Taking his eight-year old John Deere tractor, he modified it with some drone parts. Then he loaded a bunch of open-source software onto a basic tablet and built himself a robotic tractor that could drive itself.

With free technology, minimal expenditure and a lot of ingenuity, Matt Reimer instantly cut his wage bill by $8,000 a year.

Remember, we are talking about an ordinary farmer; not an inventor, a design engineer, a robotics specialist, a seasoned programmer or an expert in autonomous vehicles. Matt Reimer is a totally self-taught innovator. A humble man driven by cost-cutting imperatives and an acute shortage of funds to achieve something that eluded the biggest manufacturers in the world.

He is also exceptionally generous. Conscious that money and time are tight for many neighbouring farms, he is now replicating his solution. As Matt Reimer candidly observes: “Even if a huge corporation releases an autonomous tractor in the next twelve months, it’ll take another 15 years before that benefit trickles down to every farm.” And there’s one further inescapable truth that Mr Reimer is too modest to point out: his invention will always be massively cheaper and universally affordable!

To my mind, Matt Reimer is a true hero. He is not motivated by greed or selfish profit. And it’s heartening to know that other innovators also share these values…

One of my clients is the head of innovation for a major loyalty card provider. For 10 years he had run the IT function in the Europe and Middle East. However, concerned that the company was no longer nimble enough to be innovative, he persuaded his Board to let him set up and lead a new ‘skunk works’ team.

It was a huge personal gamble. There was virtually no way back if this gambit failed. And this makes his next decision all the more remarkable…

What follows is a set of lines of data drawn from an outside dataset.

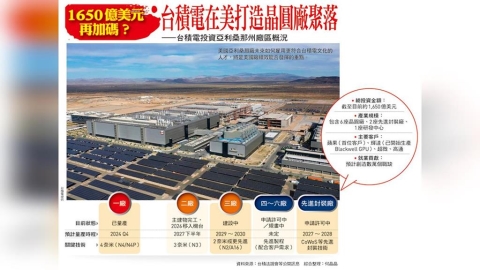 台積電加碼美國 關鍵五問！晶圓廠與先進封裝將落地 「台灣製造」外移是衝擊或新機？
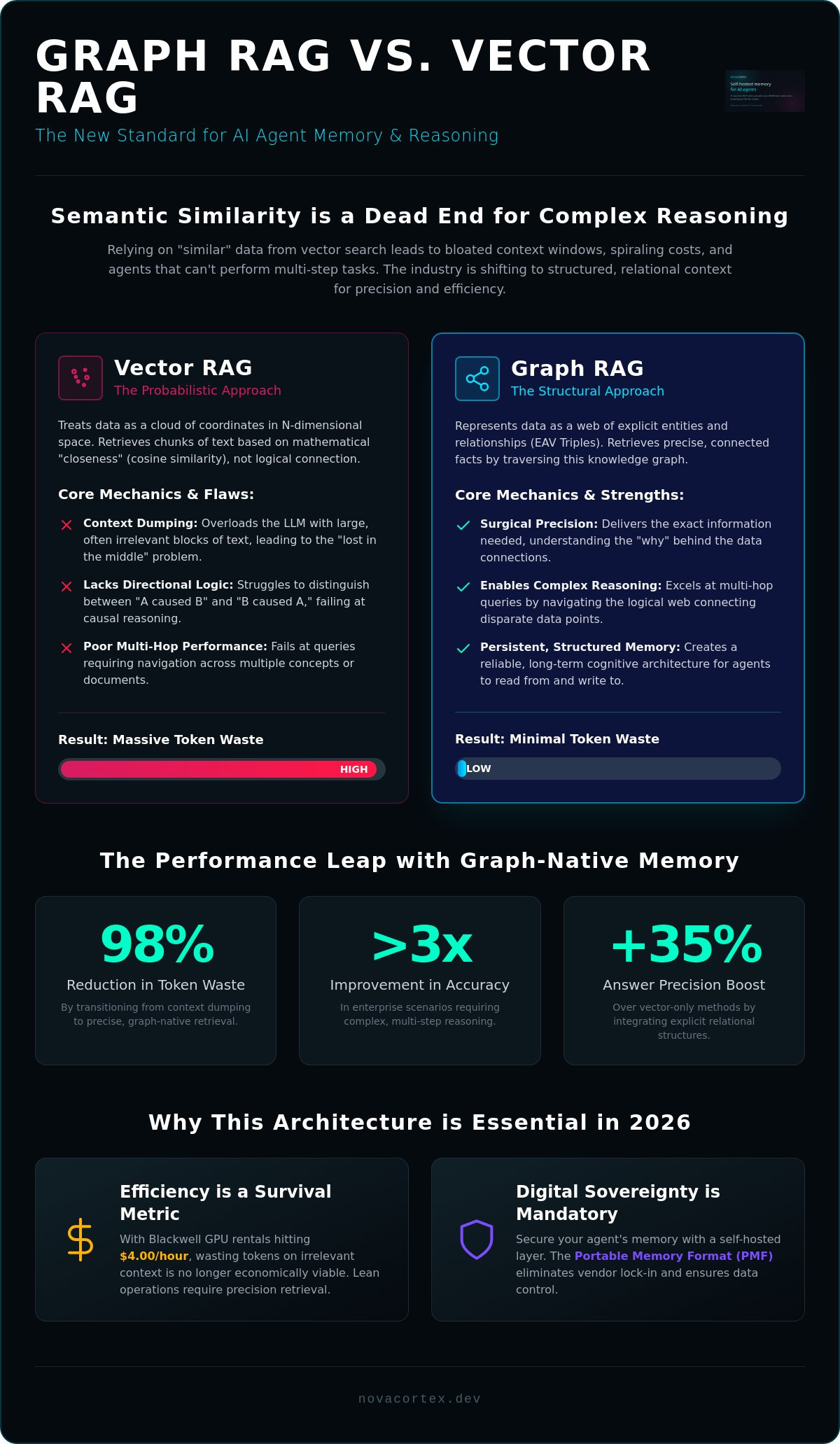Graph RAG vs Vector RAG: Engineering Persistent AI Memory in 2026 — infographic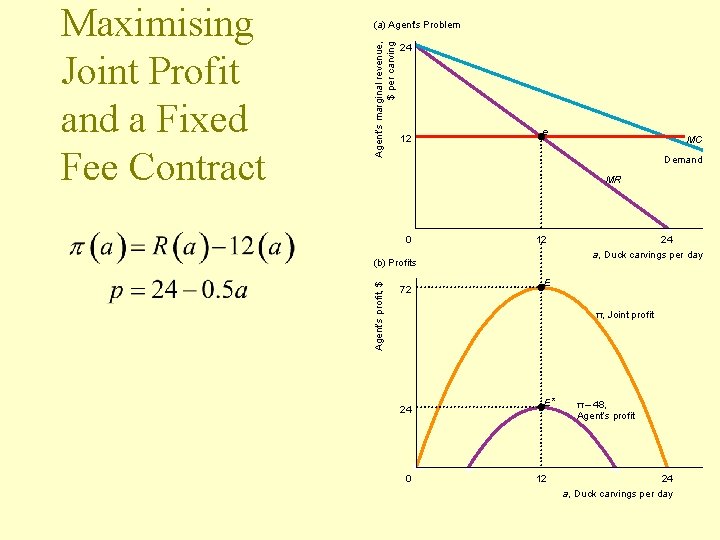 Agent’s marginal revenue, $ per carving (a) Agent’s Problem 24 12 e MC Demand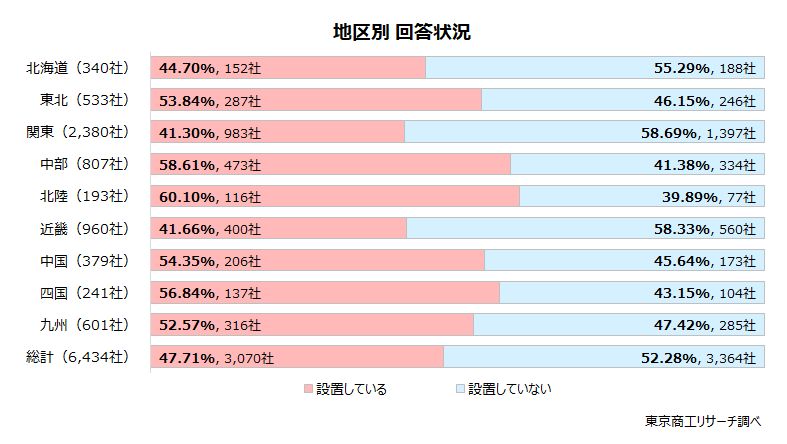 地区別　都市部では設置している割合が低い傾向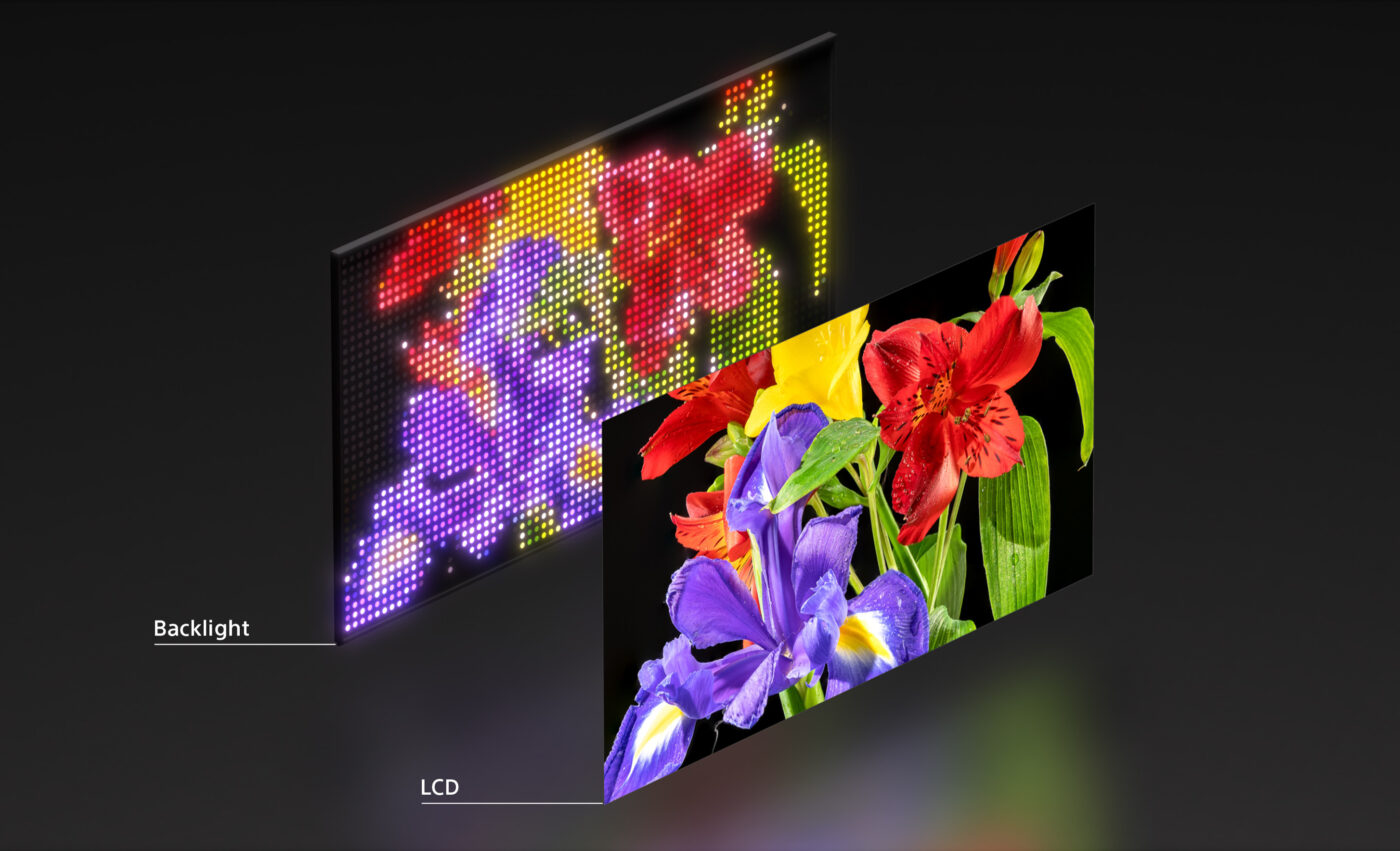 Sony RGB LED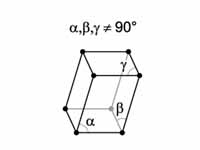 Triclinic crystal structure. Image from DrBob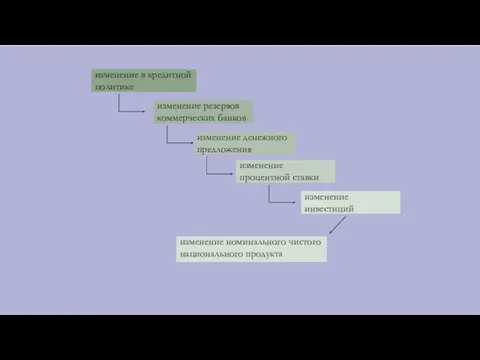 изменение номинального чистого национального продукта изменение в кредитной политике изменение резервов коммерческих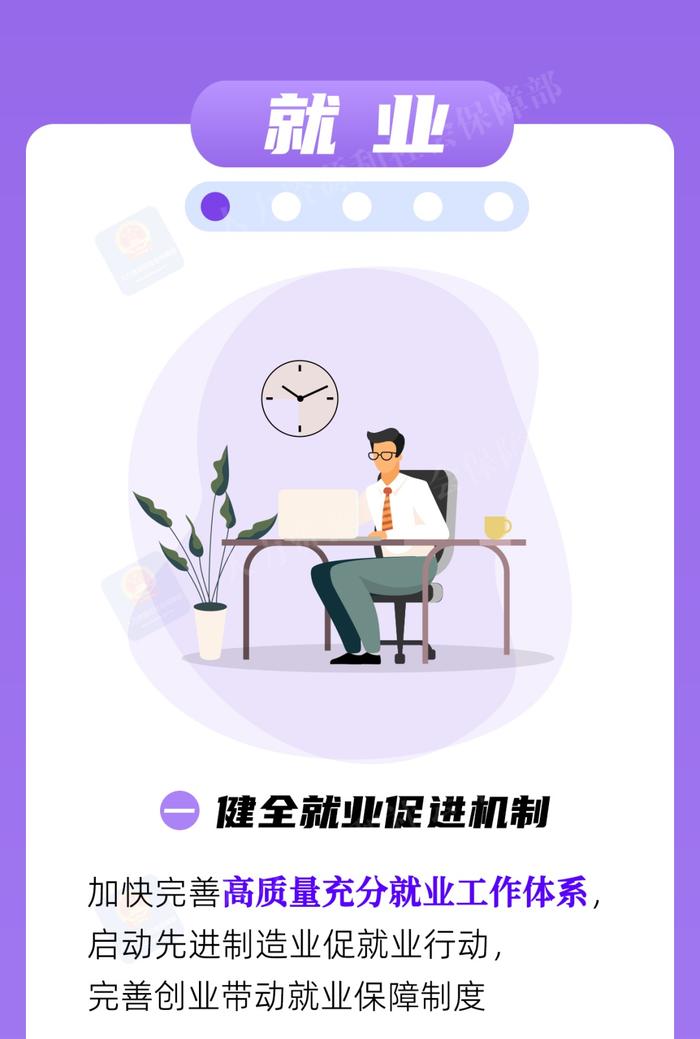 划重点！下一步，人力资源社会保障工作这么干→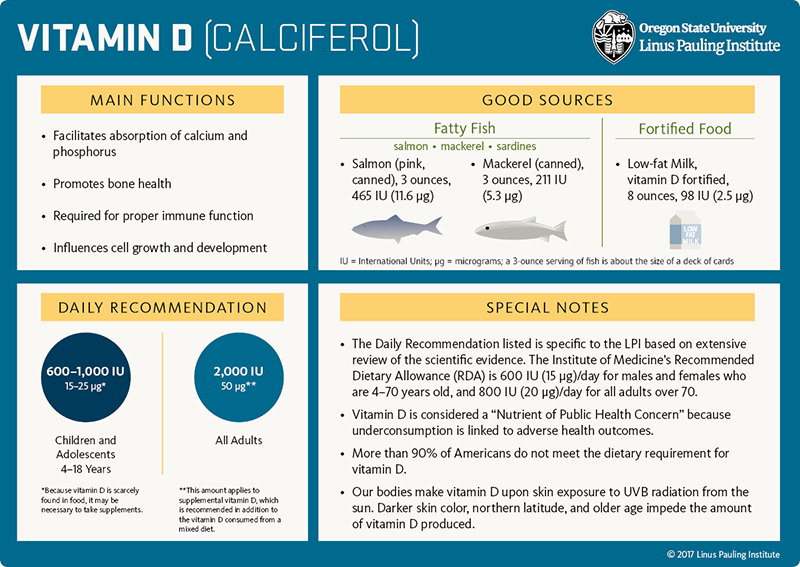 Vitamin D (calciferol) Flashcard. Main Functions: 1) Facilitates absorption of calcium and phosphorus, 2) Promotes bone health, 3) Required for proper immune function, and 4) Influences cell growth and development. Good Sources: Fatty Fish (salmon, mackerel, sardines), pink canned salmon, 3 ounces = 465 IU or 11.6 micrograms; Canned mackerel, 3 ounces = 211 IU for 5.3 micrograms; Fortified food, low-fat milk, vitamin D fortified, 8 ounces = 98 IU or 2.5 micrograms. Daily Recommendation: 600-1,000 IU (15-25 micrograms) for chldren and adolesents (4-18 years), because vitamin D is scarcely found in food, it may be necessary to take supplements. 2,000 IU or 50 micrograms for all adults, this amount applies to supplemental vitamin D, which is recommended in addition to vitamin D from a mixed diet. Special Notes: 1) The Daily Recommendation listed is specific to the LPI based on extensive review of the scientific evidence. The Institute of Medicine's Recommended Dietary Allowance (RDA) is 600 IU (15 micrograms)/day for males and females who are 4-70 years old, and 800 IU (20 micrograms)/day for all adults over 70. 2) Vitamin D is considered a "Nutrient of Public Health Concern" because underconsumption is linked to adverse health outcomes. 3) More than 90% of Americans do not meet the dietary requirement for vitamin D. 4) our bodies make vitamin D upon skin exposure to UVB radiation from the sun. Darker skin color, northern latitude, and older age impede the amount of vitamin D produced.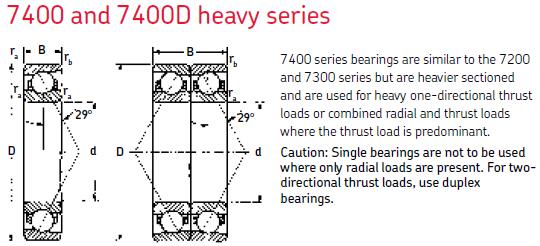 MRC7415-D角接觸球軸承圖紙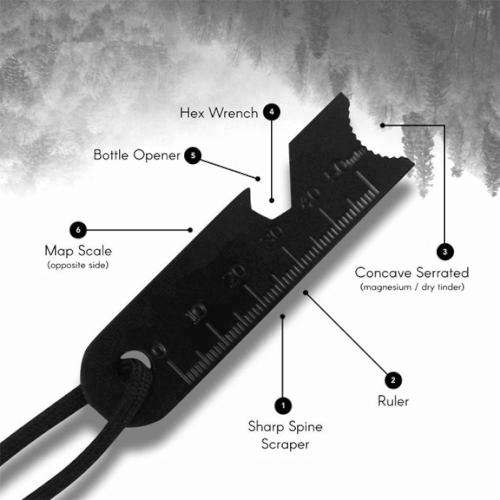 KIHD Ferro Rod Flint Fire Starter - Waterproof Survival Fire Starter for Camping, Hiking & Emergency Preparedness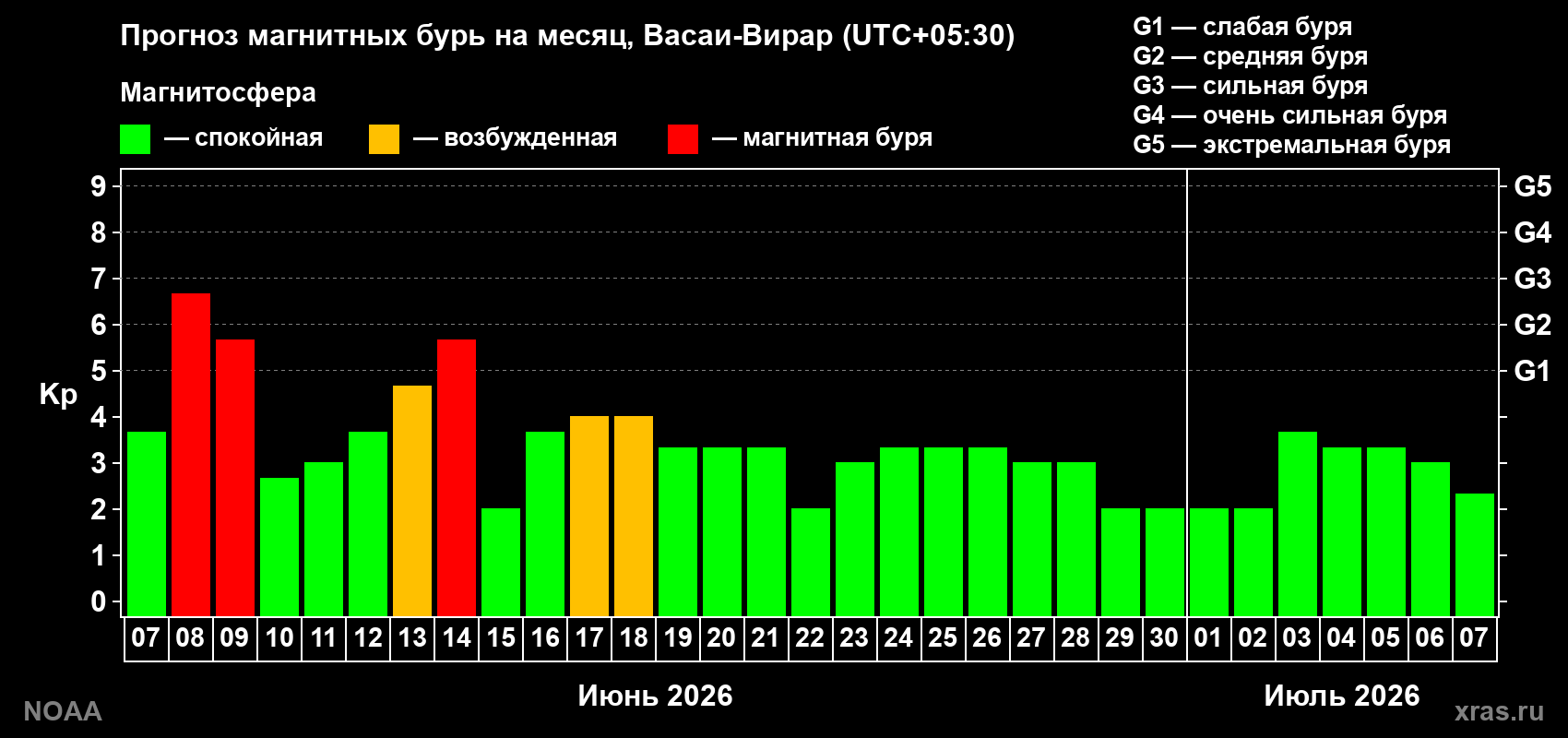 Прогноз максимального суточного геомагнитного индекса Kp на <b>1 месяц</b> (31 день) <b>с 07 июня по 07 июля 2026 г</b>
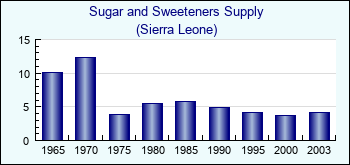 Sierra Leone. Sugar and Sweeteners Supply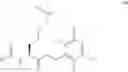 Fig. 91 - Inhibitors of lysine gingipain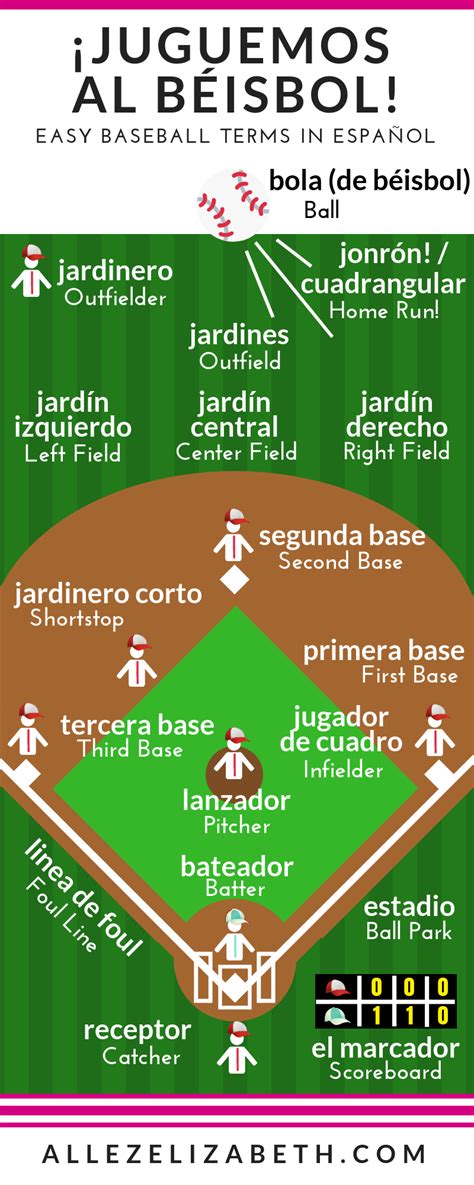 No you have to get it yourself. ¡JUGUEMOS AL BÉISBOL! : Baseball Terms In Español | Baseball terms, Learning spanish, Learning ...
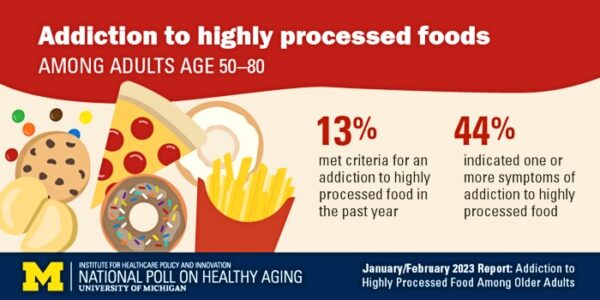 1 in 8 Americans over 50 show signs of food addiction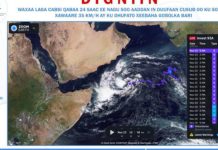 Digniin laga soo saaray Duufaan laga cabsi qabo inay ku dhufato qeybo ka mid ah Puntland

He turned down a substantial budget; preferring instead to draw upon the goodwill of colleagues and third parties. For example, I have introduced him to Clustre’s community of world-leading innovation firms. And this inspired support has proved invaluable. My client set out with no coders, no architects, no testers, no analysts, no project managers and precious little funding. To succeed, he needed to work with the most visionary partners and to deliver very, very rapid results.

And by rapid, I mean 30 days. He set himself a deadline of spending no more than one month on any single idea. If a cobbled together prototype didn’t excite management into funding the fully-fledged product, it was consigned to the parts bin. That was – and still is – his uncompromising ‘back it or bury it’ approach.

Fortunately, for my client, he has received a lot of backing. The fact that he has delivered twenty prototype projects in just under two years – and simultaneously launched businesses in Italy and Ireland – proves just how well he has kept to this punishing regime. Three of his prototypes have already been turned into products… and one of them is sure to send shock waves through the payments industry. Just watch this space.

There are many shared qualities that bond my client and Matt Reimer together. One of the most striking, though, is their modest funding demands compared to the current trend for super-costly Innovation Labs. As more and more companies jump on that expensive bandwagon, I do have to question the wisdom of this strategy. Especially after reading a recent statistic that the average life expectancy of an Innovation Lab is four years – the same survival span as most CEOs!

It’s controversial and undoubtedly contentious, but there is one consistent truth to this story…less investment really can deliver more innovation.